-- EXERCISE MATERIALS --

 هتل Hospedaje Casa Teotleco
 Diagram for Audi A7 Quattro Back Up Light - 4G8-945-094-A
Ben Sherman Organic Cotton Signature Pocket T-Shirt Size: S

==

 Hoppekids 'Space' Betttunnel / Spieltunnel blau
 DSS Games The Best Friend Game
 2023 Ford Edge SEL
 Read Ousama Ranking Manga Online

==

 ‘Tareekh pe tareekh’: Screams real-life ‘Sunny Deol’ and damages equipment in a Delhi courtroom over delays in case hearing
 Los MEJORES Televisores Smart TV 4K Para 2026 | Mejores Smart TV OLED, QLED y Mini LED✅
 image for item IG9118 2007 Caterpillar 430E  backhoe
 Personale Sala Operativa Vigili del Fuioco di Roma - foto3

-- DESCRIPTION OF THE TASK --
Your answer should consist only of the lines above between the line holding "2023 Ford Edge SEL" and the line holding "Read Ousama Ranking Manga Online", inclusive, each transcribed exactly.

-- SOLUTION FOR THIS EXERCISE --
 2023 Ford Edge SEL
 Read Ousama Ranking Manga Online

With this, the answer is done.